Hilarious, Witty and An Astonishingly Accurate Reflection of Reality
The thing about the truth is; it doesn’t get out much…
Colin Jekyll is an ‘Events Manager’. And a liar. Colin’s real name is Frank Canon, and his real job title is ‘Reality Enforcer’. And the lies don’t stop there; they only get bigger.
Canon works for the Agency, protecting the status quo. A multilingual lone wolf with an unreliable history and a fear of flying, Canon covers up continuity errors; those inexplicable events most other people call ‘miracles’. He adjusts outbreaks of clairvoyance and drunken weather, weeping statues and spontaneous dancing plagues before they become common knowledge, and before people begin to panic, because people’s faith in consensus reality needs to be enforced.
Fortunately for Frank and the Agency, most people are naturally suspicious of the truth.
When the opportunity to read a new book arises I jump at the chance, in this case I was intrigued from the very beginning.
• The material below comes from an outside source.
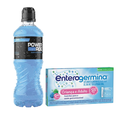 Kit Probiótico Enterogermina 2B Bcfu 10 Frascos grátis Isotônico Powerade Mix De Frutas 500Ml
The story is complex with many Plot Holes and Continuity Errors. Having a small child, naturally coupled with no sleep meant I had to re-read a few parts to follow what had just happened. It is complex and fast paced which has you wanting to read just a wee bit more. It has a very 1984 feel to it and yet is nothing like it. Full of many twists and turns in the story there are lots to engage and enthrall any reader.
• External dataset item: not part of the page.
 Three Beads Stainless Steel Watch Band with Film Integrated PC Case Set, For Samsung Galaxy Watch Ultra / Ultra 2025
The book is very well written and full to the brim of references to ‘real life’ if you can call it that any more, after reading this hilarious novel I am beginning to question reality. The book follows the missions of reality enforcer Colin Jekyll. His job is to cover continuity errors in reality, people can’t handle the truth and it’s Colin’s job to make sure they don’t uncover it. Colin begins to reflect on his own practices and way of looking at the truth, throughout the book he struggles internally with his own truths and the way he has depicted them.
Along the way Colin meets and works with many fascinating characters. Always a sign of a great book I found myself shouting at the idiots (Self) and far too attached to the loveable rogues (Rashid). I loved the complexity of the relationships, especially with Colin and his ‘Scratchie’ Epiphany Smith. Again without giving away too much all the characters had real depth and unexpected revelations of course really should have been expected.
I would recommend anyone with a sense of humour and a firm grasp on ‘reality’ to read this book.
*I received a free copy of this book in exchange for a review. All views and opinions are entirely my own.